Gravity, tourné et produit à Londres et 12 Years a Slave réalisé par le britannique Steve McQueen avec son compatriote Chiwetel Ejiofor dans le rôle principal, ont remporté à eux deux dix Oscars dimanche, signe de la vitalité du cinéma «made in Britain».

«Notre industrie continue de jouer dans la cour des grands», a jugé lundi Amanda Nevill, PDG du British Film Institute (BFI), l'équivalent du CNC français.

Un avis partagé par le producteur américain, Harvey Weinstein qui saluait dimanche «la meilleure période que j'ai vue pour l'industrie cinématographique britannique».

«Vous avez des dirigeants talentueux qui font des films intelligents qui marchent commercialement», a-t-il dit, dans une entrevue à l'Observer, pour expliquer cette réussite.

Et le succès ne s'arrête pas aux dix Oscars: deux autres films à l'ADN britannique figuraient parmi les neuf retenus pour le prix du meilleur film: Philomena réalisé par l'anglais Stephen Frears avec ses compatriotes Judi Dench et Steve Coogan - également scénariste et producteur - et, dans une moindre mesure, Captain Phillips, avec Tom Hanks dans le rôle titre, réalisé par le britannique Paul Greengrass, mais financé par des producteurs américains.

Industrie mondialisée

Dans cette industrie mondialisée, il est difficile de donner une nationalité unique aux films.
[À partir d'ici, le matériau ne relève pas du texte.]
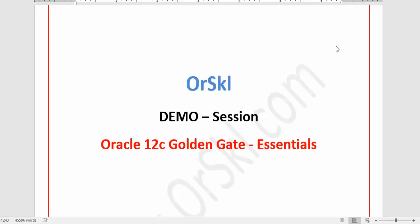We are in the demo session of Oracle GoldenGate 12c Essentials course, exclusively from RSkill. In this demo session we are going to see what the course is going to cover, what modes of training are available, and we are going to go in depth of the concepts and topics that we will learn throughout this course.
La règle veut qu'un film porte la nationalité du ou des pays qui le financent.

Avec le Britannique Chiwetel Ejiofor et surtout le réalisateur londonien Steve McQueen, formé dans les meilleures écoles d'art londoniennes et qui a tourné et financé ses deux premiers films sur les rives de la Tamise, 12 Years a Slave est perçu comme un succès authentiquement anglais.

Même si ce drame historique, qui traite de l'esclavage aux États-Unis, a été tourné à la Nouvelle-Orléans et est essentiellement financé par la maison de production de l'acteur américain Brad Pitt.

Gravity s'est vu attribuer le label britannique parce qu'il a été tourné et financé au Royaume-Uni, même si son réalisateur est mexicain - installé à Londres - et ses acteurs, américains.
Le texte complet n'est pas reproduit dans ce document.